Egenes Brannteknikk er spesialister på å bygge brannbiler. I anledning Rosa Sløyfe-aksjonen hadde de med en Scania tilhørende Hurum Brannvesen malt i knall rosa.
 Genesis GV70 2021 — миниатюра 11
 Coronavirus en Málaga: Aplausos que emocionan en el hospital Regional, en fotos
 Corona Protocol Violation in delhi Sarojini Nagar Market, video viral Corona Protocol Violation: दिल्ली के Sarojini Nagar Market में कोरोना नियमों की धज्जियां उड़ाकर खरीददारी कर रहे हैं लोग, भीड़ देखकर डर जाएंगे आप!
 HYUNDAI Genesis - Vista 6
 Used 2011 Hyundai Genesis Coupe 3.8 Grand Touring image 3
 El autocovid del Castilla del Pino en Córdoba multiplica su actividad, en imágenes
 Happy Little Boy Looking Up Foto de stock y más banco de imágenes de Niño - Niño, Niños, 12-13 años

════════════════

> **EXERCISE PROMPT**
Only one span of lines is wanted: the line with "Used 2011 Hyundai" and every line after it to the end of the entries, output exactly.

> **ANSWER BELOW**
 Used 2011 Hyundai Genesis Coupe 3.8 Grand Touring image 3
 El autocovid del Castilla del Pino en Córdoba multiplica su actividad, en imágenes
 Happy Little Boy Looking Up Foto de stock y más banco de imágenes de Niño - Niño, Niños, 12-13 años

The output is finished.